Data section section start
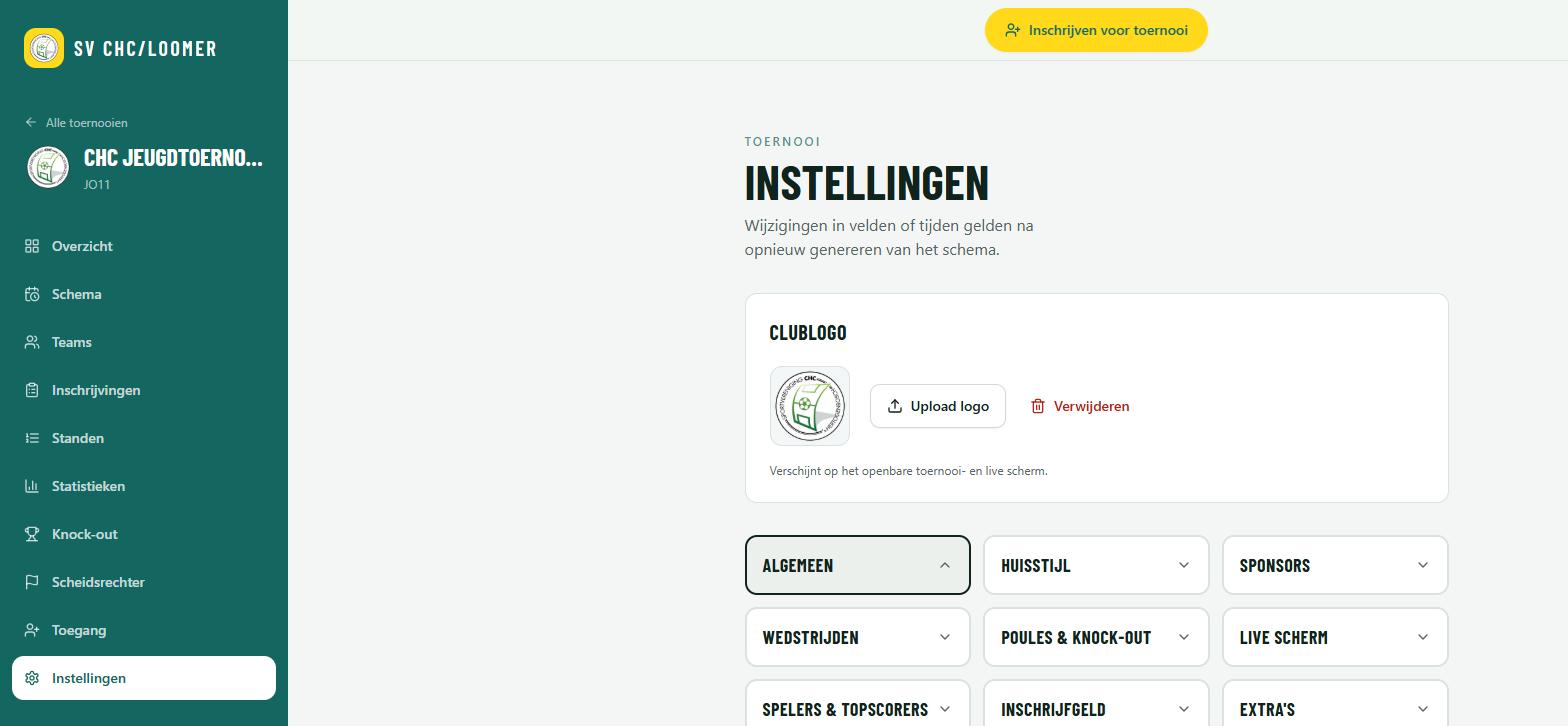 Settings page with tiles for branding, sponsors, matches, and more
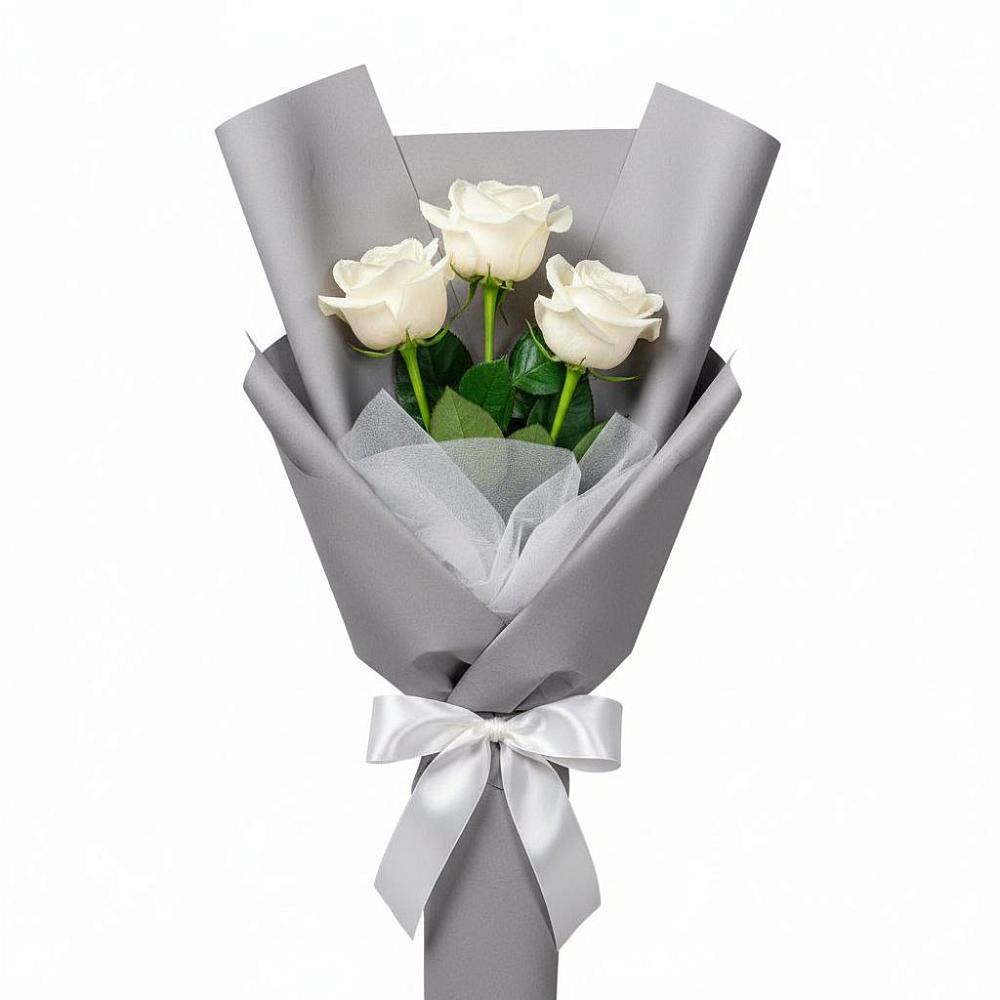 Букет 3 белые розы в Березовке Пермский край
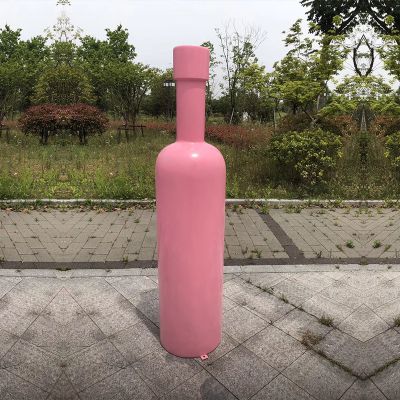 公园海边创意玻璃钢粉色瓶子雕塑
Data section section end
Problem requirements: Output the lines above in full and exactly. Leave out every picture.

Exercise result:
 Settings page with tiles for branding, sponsors, matches, and more
 Букет 3 белые розы в Березовке Пермский край
 公园海边创意玻璃钢粉色瓶子雕塑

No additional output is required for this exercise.